Desde sempre eu curtia as coisas mais diferentes da vida. Aos 13 anos entrei numa fase clubber. AMAVA cores. Cores fortes: laranja, verde, rosa, neon. Misturava as cores das mais diversas formas e sempre dava uma pitada de Carol às produções. Numa festa junina no colégio, fui de maria chiquinha, uma camisa branca estilo ciganinha por baixo, por cima uma camiseta justa e laranja, saia colorida, meião colorido em tons laranja (aquele das Chiquititas) e muito acessório colorido, muito. Se ficou brega (aí entra a questão do que é ser brega. O brega é algo não muito aceito pela "sociedade". É algo que não estamos acostumados a ver com frequência e, de certa forma, gera uma alienação horrorosa na hora de se vestir)? Pra MIM não. E lembro que na época foi um sucesso . Passada a fase clubber, conheci o rock e o seu pretinho básico. Me entreguei nas makes, nas roupas, nos sapatos. Nunca fui dessas góticas melancólicas não, ao contrário! Mas me inspirava na forma de se vestir. Nessa época, 90% do meu guarda-roupa era preto. Comecei comprando um all star de cano longo preto e, tempos depois, a coturno. Logo depois passei pra saias e camisas/camisetas pretas e depois foi a vez da sombra preta de cada dia. Nessa época, até a cor do meu cabelo mudava com uma frequência anormal: um mês estava natural, no outro vermelho, no outro vermelho e o fundo preto, no outro Borgonha, no outro castanho. Sempre mutante, sempre querendo expor minha personalidade.

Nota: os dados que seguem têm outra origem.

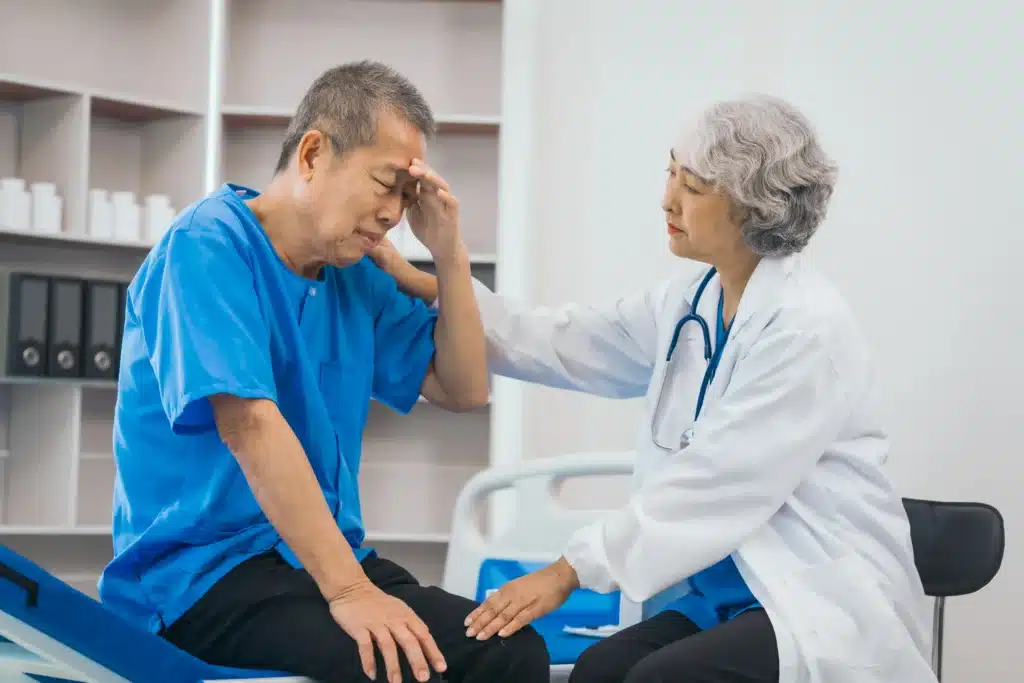 Asian female doctor comforting a senior male patient who appears to be in distress during a medical consultation.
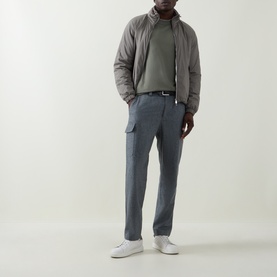 Model wearing Brunello Cucinelli olive casual jacket, styled with grey cargo trousers, green sweatshirt and white trainers.
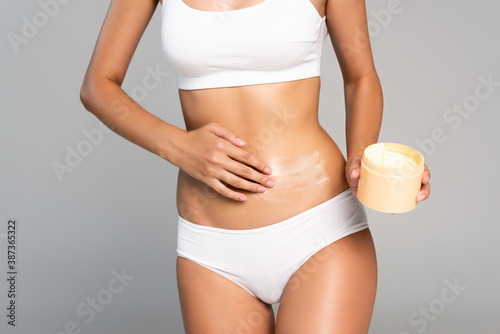 Cropped view of woman in white underwear holding jar and applying cream on belly isolated on grey
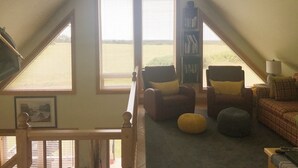 A cozy attic room with a large window, two armchairs, a bookshelf, and a view of the countryside. - Cavendish Driftwood Getaway - Beach, National Park, Nature Trails, Seafood, Golf (Cavendish)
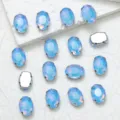 Oval crystal glass rhinestones with claw settings, perfect for DIY jewelry and clothing accessories. - 10x14mm 20 Pcs/Pack / 48 Light Blue Opal Mocha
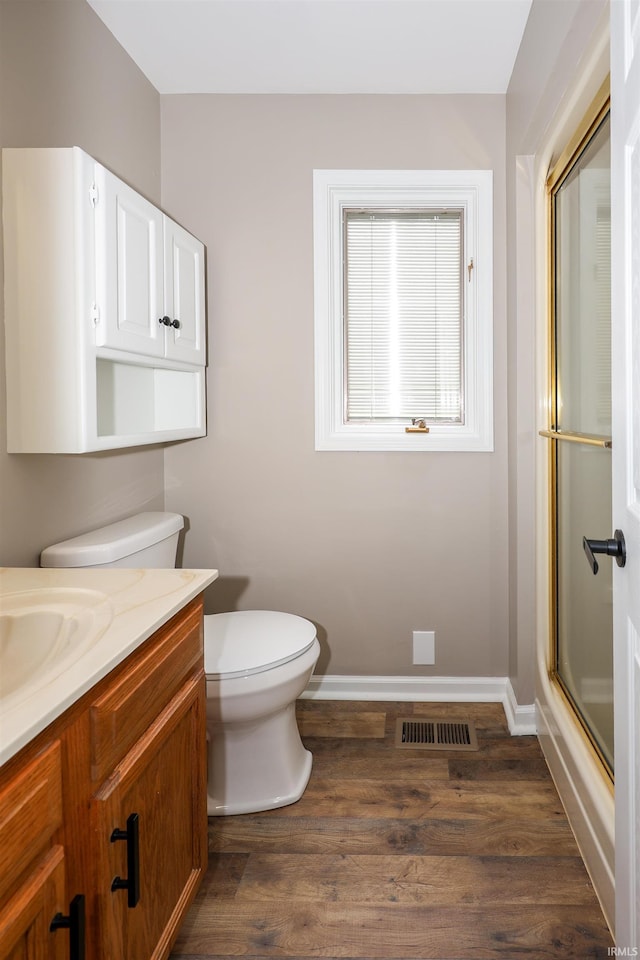 7001 Sweet Gum Ct, Fort Wayne, IN 46804 - bathroom featuring a shower with door, toilet, vanity, and baseboards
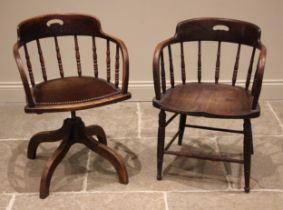 An oak revolving office desk chair, early 20th century, the spindle back over a studded pad bowfront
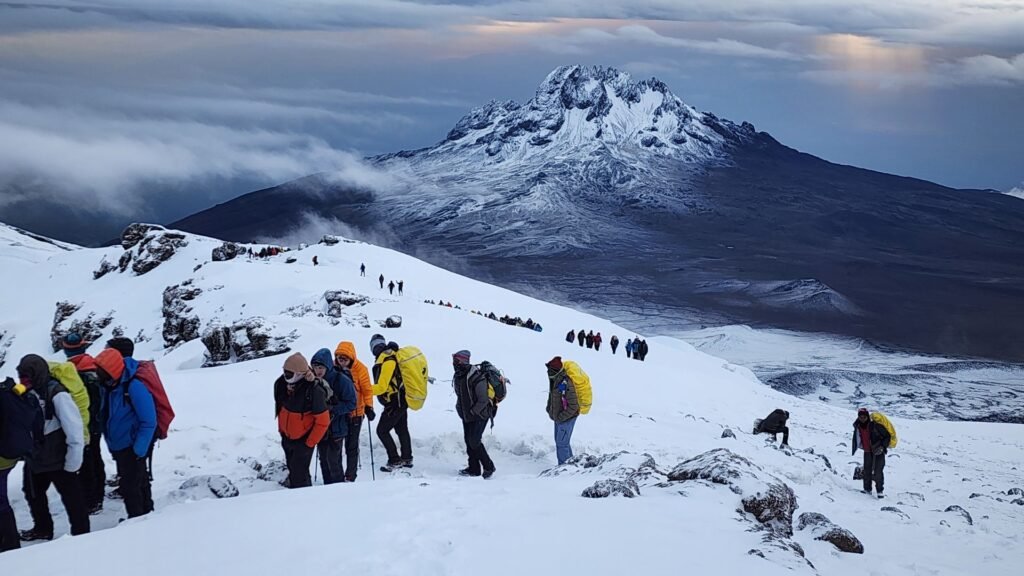Climbers trekking to the summit of Mount Kilimanjaro with snow-covered peak in Tanzania
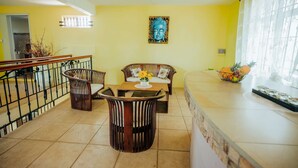 A dining area with a wooden table and chairs, a sofa, and a decorative wall piece.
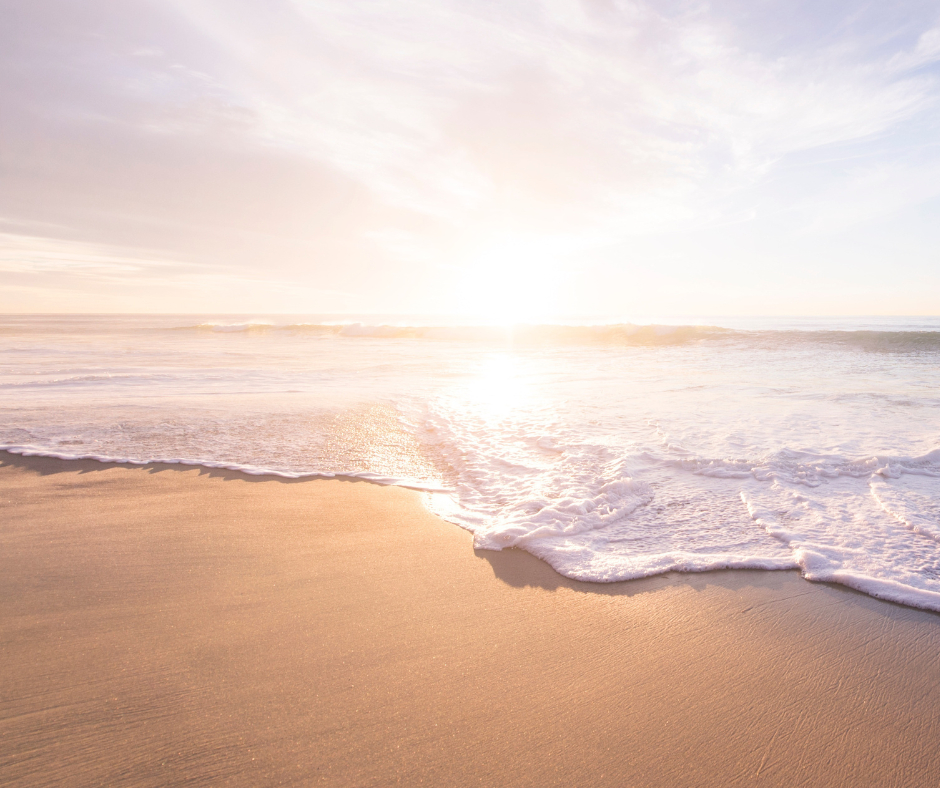 Waves on the sandy beach, sunsetting. Featured on XCL group website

Por fim, o lance do preto passou por ter virado “modinha”. Nunca fui chegada nisso. Depois da época do colégio, meu estilo se perdeu no básico e, por incrível que pareça, na tão odiosa “modinha’. Claro, tinha lá uma pitada ou outra de diferença, uma peça ou outra que ninguém usaria e combinações inimagináveis. Mas no fundo, tava no meio da alienação. Foi com a criação do blog, posso afirmar, que a fênix ressurgiu das cinzas. Aquela menina presa no ensino médio começou a dar pitaco nos looks da menina de 25 anos que hoje escreve  essas palavras e meu estilo tem se concretizado exteriormente cada dia mais. Eu não dito moda, eu não faço moda, eu não uso apenas coisas que ninguém usa e nem repudio a modinha. Não. Eu uso o que me cai bem, o que me dá segurança e conforto e, o mais importante, o que me deixa ser quem eu sou. Hoje consigo reunir tudo que sempre gostei no que eu visto. Consigo fazer um look completamente dark com uma pitada de cor seja no sapato ou na bolsa. Consigo misturar o clubber com o gótico, a coturno com uma calça jeans básica, as cores fortes de acessórios num look off White, um look colorido com uma sandália nude, uma camisa rocker com uma saia mais lady. Consigo passar a imagem que quero com o que me veste.


Com os anos, aprendi que o que eu uso diz muito sobre mim. Meus gostos, minhas preferências, meu ânimo, minha vontade e até meu dinheiro. Aprendi que a moda pode ser ditada por pessoas que tem conhecimentos e trabalham com isso. Mas o estilo quem faz é cada um. O lance de pegar uma camisa, combiná-la com a estampa de uma saia, lembrar daquela sandália no fundo do guarda-roupa que ficaria ótima no look, colocar aquele colar já há muito esquecido e que vai cair como luva, manifesta meu eu naquele momento, naquele dia, naquele instante. E é isso que deve ser levado em consideração, sempre! Afinal, ninguém nos conhece melhor que nós mesmos.